Wednesday 5 June 2013

Have universal benefits had their day?

This week, Labour has made some (potentially) significant shifts in its welfare policy.  On Monday, Ed Balls announced that a future Labour government would seek to means-test the universal Winter Fuel Allowance.  And today, the BBC report that Ed Miliband will state that Labour wouldn't reinstate the universal principle to Child Benefit.  These are significant shifts: suggesting that Labour is coming into line with centre-right (and perhaps public) views on universality.

The Right have never liked universal benefits: seeing them as a waste of money and unaligned with the proper purpose of social security, which is need.  The Left have never really been able to argue against this point: many people receive benefits who don't, in the strict sense of the word, need them.  Instead, the Left has supported universality as a mechanism for maintaining support for the redistributive welfare state as a whole.

I've argued this point myself - and certainly think that universal benefits do help public support for welfare from dropping even further.  But this New Statesman piece makes a valid point: universality doesn't just come in the form of benefits, but also services: the NHS, schools, Sure Start centres and public transport (at least for pensioners).  And often, it's universal services - as opposed to universal benefits - that seem to command the most solid levels of public support.

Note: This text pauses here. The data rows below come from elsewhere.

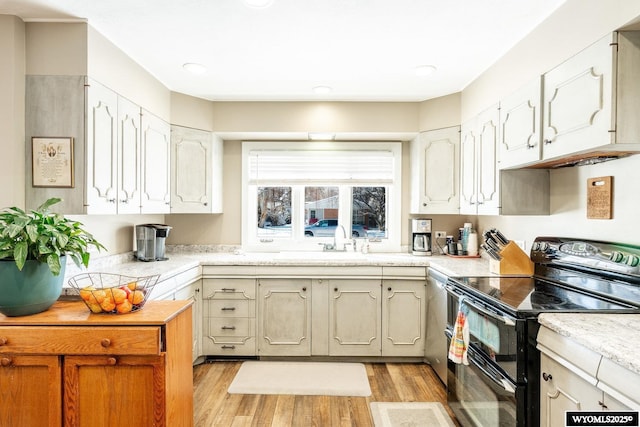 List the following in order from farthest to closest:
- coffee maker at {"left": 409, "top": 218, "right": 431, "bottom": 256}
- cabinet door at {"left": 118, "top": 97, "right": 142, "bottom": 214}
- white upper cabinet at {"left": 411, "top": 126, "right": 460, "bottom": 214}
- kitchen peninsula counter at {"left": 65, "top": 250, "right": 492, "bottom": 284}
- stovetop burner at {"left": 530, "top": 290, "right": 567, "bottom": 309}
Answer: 1. coffee maker at {"left": 409, "top": 218, "right": 431, "bottom": 256}
2. white upper cabinet at {"left": 411, "top": 126, "right": 460, "bottom": 214}
3. kitchen peninsula counter at {"left": 65, "top": 250, "right": 492, "bottom": 284}
4. cabinet door at {"left": 118, "top": 97, "right": 142, "bottom": 214}
5. stovetop burner at {"left": 530, "top": 290, "right": 567, "bottom": 309}

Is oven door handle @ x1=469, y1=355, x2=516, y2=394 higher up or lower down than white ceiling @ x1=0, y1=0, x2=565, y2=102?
lower down

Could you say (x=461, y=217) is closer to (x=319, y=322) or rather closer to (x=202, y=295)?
(x=319, y=322)

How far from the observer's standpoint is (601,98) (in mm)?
1600

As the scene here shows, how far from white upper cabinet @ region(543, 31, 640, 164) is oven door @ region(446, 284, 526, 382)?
0.84 meters

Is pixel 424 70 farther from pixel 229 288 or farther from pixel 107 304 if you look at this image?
pixel 107 304

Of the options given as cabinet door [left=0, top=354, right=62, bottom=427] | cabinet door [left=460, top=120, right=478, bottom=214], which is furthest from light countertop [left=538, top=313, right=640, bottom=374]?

So, whilst the death knell might be sounding for universal benefits, this doesn't mean it has to sound for the universal principle as a whole.  More free childcare instead of universal Child Benefit; well invested active labour market programmes for all unemployed people instead of widening eligibility for JSA; means-tested winter fuel payments but more social care for the elderly. Universal services, but not benefits, could kill two birds with one stone for the centre-left: economic credibility and a stronger welfare state.